* [Work instructions]: In the records that follow, the lines from the one containing "Costa Mediterraneo - Adults Only +16 - 53" to the one containing "BALENCIAGA/バレンシアガ】より【TWISTED SLEEVE DENIM", inclusive, are to be given again exactly.

Records contained in a dataset:
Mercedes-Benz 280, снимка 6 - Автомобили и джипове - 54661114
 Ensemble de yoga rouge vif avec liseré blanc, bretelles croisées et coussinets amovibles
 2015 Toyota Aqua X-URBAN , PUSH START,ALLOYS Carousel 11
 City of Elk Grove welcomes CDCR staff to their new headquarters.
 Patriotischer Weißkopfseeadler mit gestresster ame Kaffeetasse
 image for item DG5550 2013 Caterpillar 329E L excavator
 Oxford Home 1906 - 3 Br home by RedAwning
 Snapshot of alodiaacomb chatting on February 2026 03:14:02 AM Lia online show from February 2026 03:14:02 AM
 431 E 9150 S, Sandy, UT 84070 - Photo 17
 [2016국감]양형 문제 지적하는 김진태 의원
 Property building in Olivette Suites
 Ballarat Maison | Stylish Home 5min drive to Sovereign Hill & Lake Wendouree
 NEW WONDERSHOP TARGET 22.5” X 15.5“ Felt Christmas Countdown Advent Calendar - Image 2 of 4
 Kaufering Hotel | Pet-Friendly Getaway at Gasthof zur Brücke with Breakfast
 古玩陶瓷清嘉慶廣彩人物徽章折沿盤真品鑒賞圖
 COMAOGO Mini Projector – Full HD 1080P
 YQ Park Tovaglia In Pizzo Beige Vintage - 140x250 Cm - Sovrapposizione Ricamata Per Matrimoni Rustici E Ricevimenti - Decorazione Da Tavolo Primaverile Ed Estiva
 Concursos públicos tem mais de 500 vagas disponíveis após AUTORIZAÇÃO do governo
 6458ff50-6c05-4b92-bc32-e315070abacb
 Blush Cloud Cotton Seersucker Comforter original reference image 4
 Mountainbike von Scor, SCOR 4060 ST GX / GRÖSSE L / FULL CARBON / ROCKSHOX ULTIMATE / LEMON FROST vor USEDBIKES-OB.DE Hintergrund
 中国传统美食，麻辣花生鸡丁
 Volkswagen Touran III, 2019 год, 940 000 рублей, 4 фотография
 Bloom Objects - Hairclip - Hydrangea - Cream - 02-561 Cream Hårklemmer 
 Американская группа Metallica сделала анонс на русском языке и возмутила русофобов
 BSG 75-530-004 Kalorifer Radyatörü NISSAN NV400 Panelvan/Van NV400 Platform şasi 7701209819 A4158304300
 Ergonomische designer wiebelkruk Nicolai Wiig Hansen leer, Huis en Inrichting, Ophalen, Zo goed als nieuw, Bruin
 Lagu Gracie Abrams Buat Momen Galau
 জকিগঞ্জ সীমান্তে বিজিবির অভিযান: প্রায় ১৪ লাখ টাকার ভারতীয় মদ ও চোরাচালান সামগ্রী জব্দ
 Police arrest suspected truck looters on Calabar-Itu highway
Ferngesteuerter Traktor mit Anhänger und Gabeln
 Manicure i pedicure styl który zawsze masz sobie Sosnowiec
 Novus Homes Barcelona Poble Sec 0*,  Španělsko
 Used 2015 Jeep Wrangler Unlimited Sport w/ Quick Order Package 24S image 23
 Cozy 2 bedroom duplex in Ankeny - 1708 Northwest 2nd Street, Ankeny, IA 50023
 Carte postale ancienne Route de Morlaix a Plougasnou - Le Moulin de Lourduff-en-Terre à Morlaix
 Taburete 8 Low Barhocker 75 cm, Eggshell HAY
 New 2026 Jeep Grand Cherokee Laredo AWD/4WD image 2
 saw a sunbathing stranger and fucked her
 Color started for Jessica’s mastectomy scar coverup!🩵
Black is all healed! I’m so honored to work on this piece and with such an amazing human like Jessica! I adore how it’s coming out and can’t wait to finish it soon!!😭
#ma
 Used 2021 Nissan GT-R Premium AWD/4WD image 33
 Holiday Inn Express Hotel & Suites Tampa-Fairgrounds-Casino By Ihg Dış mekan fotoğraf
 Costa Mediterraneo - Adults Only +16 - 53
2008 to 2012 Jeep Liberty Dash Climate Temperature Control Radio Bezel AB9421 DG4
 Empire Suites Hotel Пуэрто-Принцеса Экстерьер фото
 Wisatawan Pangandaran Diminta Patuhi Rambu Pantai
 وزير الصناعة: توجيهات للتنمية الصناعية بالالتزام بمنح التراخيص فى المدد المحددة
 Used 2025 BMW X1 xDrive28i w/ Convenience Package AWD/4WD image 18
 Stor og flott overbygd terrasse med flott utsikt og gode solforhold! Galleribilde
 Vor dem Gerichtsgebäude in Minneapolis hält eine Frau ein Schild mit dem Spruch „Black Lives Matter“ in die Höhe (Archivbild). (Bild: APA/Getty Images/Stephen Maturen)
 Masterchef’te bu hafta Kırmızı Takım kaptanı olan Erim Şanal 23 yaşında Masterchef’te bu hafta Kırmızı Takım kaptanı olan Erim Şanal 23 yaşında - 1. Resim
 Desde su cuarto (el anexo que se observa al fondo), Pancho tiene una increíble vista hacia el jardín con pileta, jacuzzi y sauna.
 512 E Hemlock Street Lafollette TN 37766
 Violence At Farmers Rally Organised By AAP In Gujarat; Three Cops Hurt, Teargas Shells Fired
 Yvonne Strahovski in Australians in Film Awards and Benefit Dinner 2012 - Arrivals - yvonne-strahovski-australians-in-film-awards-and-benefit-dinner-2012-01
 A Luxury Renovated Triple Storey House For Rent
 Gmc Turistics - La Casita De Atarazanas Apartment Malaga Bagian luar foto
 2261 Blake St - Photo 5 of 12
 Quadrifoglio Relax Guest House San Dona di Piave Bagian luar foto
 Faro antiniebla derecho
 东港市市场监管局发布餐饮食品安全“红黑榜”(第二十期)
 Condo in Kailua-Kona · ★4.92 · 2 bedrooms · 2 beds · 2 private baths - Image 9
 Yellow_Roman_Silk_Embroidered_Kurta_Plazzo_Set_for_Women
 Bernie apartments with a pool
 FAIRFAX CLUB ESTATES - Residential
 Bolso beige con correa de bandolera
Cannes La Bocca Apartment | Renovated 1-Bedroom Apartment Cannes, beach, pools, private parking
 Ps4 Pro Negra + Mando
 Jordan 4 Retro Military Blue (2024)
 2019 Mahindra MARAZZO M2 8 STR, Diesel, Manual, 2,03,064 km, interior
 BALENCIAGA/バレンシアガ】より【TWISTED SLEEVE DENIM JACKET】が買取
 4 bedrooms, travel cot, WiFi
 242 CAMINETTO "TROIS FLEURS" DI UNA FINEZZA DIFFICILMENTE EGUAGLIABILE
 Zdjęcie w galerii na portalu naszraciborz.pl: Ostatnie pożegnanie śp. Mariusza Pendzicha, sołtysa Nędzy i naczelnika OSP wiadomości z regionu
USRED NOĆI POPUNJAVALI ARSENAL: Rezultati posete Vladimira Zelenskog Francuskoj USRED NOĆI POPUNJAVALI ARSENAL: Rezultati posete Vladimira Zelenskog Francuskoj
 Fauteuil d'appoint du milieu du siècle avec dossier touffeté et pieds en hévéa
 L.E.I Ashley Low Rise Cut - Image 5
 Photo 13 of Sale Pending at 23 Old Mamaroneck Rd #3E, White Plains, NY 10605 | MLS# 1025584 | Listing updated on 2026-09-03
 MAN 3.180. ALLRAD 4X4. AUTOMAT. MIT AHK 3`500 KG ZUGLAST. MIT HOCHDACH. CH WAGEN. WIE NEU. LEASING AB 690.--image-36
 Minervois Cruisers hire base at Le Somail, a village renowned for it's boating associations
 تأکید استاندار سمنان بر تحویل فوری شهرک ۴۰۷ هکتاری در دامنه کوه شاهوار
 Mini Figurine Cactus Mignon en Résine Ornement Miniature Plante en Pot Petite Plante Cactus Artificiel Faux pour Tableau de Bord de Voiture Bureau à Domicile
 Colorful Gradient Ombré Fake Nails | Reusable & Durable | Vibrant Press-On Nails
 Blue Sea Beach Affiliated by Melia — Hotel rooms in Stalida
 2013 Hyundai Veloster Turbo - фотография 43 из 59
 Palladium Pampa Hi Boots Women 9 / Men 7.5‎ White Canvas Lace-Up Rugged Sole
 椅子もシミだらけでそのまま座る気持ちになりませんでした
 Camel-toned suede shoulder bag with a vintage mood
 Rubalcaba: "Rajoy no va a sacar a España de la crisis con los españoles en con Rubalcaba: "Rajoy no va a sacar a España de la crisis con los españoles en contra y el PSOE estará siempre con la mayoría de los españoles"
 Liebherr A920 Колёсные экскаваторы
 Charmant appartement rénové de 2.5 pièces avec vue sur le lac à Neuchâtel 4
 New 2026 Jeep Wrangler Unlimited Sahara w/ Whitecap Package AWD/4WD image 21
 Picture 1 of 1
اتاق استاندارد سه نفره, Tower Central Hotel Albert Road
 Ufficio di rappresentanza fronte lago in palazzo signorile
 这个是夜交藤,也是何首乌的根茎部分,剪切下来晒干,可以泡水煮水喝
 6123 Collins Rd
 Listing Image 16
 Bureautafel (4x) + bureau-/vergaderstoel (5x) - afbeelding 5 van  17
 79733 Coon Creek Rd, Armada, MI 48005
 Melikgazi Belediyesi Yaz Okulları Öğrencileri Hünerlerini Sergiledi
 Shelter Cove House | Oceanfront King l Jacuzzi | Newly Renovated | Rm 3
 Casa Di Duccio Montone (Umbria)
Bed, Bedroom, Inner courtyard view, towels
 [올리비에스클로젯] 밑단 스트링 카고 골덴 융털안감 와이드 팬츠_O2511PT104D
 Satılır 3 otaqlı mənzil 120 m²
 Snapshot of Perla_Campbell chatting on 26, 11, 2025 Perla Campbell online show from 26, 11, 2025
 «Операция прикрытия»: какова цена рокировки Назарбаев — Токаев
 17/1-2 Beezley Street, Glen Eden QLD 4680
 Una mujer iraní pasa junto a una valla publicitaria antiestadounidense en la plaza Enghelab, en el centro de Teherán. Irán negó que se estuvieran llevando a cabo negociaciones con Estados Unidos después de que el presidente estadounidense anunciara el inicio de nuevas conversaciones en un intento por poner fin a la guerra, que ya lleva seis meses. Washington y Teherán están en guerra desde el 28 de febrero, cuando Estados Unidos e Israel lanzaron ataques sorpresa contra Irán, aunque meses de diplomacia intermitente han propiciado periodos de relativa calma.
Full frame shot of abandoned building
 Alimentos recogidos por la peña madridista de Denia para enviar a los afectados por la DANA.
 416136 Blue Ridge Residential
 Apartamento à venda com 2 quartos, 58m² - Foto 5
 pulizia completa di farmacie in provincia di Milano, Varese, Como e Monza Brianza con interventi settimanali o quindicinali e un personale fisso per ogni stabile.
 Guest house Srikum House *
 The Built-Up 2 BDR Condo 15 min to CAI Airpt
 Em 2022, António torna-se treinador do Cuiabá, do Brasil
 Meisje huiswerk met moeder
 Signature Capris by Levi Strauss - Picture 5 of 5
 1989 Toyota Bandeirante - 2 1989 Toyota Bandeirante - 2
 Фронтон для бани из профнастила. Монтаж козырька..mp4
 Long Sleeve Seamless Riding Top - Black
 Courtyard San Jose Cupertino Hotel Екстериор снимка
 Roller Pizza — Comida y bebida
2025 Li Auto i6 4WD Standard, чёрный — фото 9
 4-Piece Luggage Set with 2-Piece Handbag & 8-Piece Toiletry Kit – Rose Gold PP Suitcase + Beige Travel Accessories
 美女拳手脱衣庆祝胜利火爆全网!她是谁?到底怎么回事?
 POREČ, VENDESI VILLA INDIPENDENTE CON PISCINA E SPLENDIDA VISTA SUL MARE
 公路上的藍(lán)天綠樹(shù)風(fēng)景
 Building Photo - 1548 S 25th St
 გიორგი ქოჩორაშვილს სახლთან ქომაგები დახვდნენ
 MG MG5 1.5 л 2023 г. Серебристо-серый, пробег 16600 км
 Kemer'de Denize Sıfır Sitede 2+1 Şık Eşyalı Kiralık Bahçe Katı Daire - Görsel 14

* [Completed task]:
 Costa Mediterraneo - Adults Only +16 - 53
2008 to 2012 Jeep Liberty Dash Climate Temperature Control Radio Bezel AB9421 DG4
 Empire Suites Hotel Пуэрто-Принцеса Экстерьер фото
 Wisatawan Pangandaran Diminta Patuhi Rambu Pantai
 وزير الصناعة: توجيهات للتنمية الصناعية بالالتزام بمنح التراخيص فى المدد المحددة
 Used 2025 BMW X1 xDrive28i w/ Convenience Package AWD/4WD image 18
 Stor og flott overbygd terrasse med flott utsikt og gode solforhold! Galleribilde
 Vor dem Gerichtsgebäude in Minneapolis hält eine Frau ein Schild mit dem Spruch „Black Lives Matter“ in die Höhe (Archivbild). (Bild: APA/Getty Images/Stephen Maturen)
 Masterchef’te bu hafta Kırmızı Takım kaptanı olan Erim Şanal 23 yaşında Masterchef’te bu hafta Kırmızı Takım kaptanı olan Erim Şanal 23 yaşında - 1. Resim
 Desde su cuarto (el anexo que se observa al fondo), Pancho tiene una increíble vista hacia el jardín con pileta, jacuzzi y sauna.
 512 E Hemlock Street Lafollette TN 37766
 Violence At Farmers Rally Organised By AAP In Gujarat; Three Cops Hurt, Teargas Shells Fired
 Yvonne Strahovski in Australians in Film Awards and Benefit Dinner 2012 - Arrivals - yvonne-strahovski-australians-in-film-awards-and-benefit-dinner-2012-01
 A Luxury Renovated Triple Storey House For Rent
 Gmc Turistics - La Casita De Atarazanas Apartment Malaga Bagian luar foto
 2261 Blake St - Photo 5 of 12
 Quadrifoglio Relax Guest House San Dona di Piave Bagian luar foto
 Faro antiniebla derecho
 东港市市场监管局发布餐饮食品安全“红黑榜”(第二十期)
 Condo in Kailua-Kona · ★4.92 · 2 bedrooms · 2 beds · 2 private baths - Image 9
 Yellow_Roman_Silk_Embroidered_Kurta_Plazzo_Set_for_Women
 Bernie apartments with a pool
 FAIRFAX CLUB ESTATES - Residential
 Bolso beige con correa de bandolera
Cannes La Bocca Apartment | Renovated 1-Bedroom Apartment Cannes, beach, pools, private parking
 Ps4 Pro Negra + Mando
 Jordan 4 Retro Military Blue (2024)
 2019 Mahindra MARAZZO M2 8 STR, Diesel, Manual, 2,03,064 km, interior
 BALENCIAGA/バレンシアガ】より【TWISTED SLEEVE DENIM JACKET】が買取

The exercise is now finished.